Most studies of the Asian financial crises in 1997 conclude that Indonesia suffered more than Thailand and Korea. Is it possible that Indonesia is the country that gained the most?
Assessments of the impact of the 1997 crises usually focus on economic indicators such as GDP growth, the unemployment rate, and the number of people living in poverty. Unfortunately social scientists have not yet invented equally good political indicators. If these existed they would show phenomenal improvement since 1997.
A first step in assessing the impact of what the Indonesians call their “monetary crisis” is to imagine what Indonesia would be like today if there had been no crisis.

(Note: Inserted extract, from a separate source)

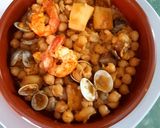 Foto del paso 10 de la receta: Paella de garbanzos Imperio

While this is a highly speculative exercise, it is easy to imagine that the Suharto regime would have survived in some form. Pressure on Suharto to transfer power to a successor was mounting visibly before the crisis, but he was sufficiently in control of the political system to assure his election to a seventh five-year term as President six months after the crisis. Suharto might have resigned before the end of his seventh term, or he might have engineered a succession to his hand picked candidate, but it is inconceivable that the Peoples Consultative Assembly in 2003 would have chosen by secret ballot a presidential candidate promising sweeping democratic reforms.
In this counterfactual scenario it is also hard to imagine that Indonesia’s economy would have remained healthy from 1997 to 2007. A sudden catastrophic meltdown might not have occurred, but a protracted period of economic contraction was almost inevitable. The country was experiencing an asset bubble that was not sustainable because too much investment was being directed to creating excess capacity in sectors such as high-rise office buildings and shopping malls. At the same time the ability of the technocrats to implement sound macroeconomic policies was being eroded as the business interests of Suharto’s family members and cronies became ascendant.
The crisis that forced Suharto to resign in May 1998 set the stage for a spectacular transition to a democratic political system. It may not be an exaggeration to say that Indonesia today has the most democratic system in all of Asia.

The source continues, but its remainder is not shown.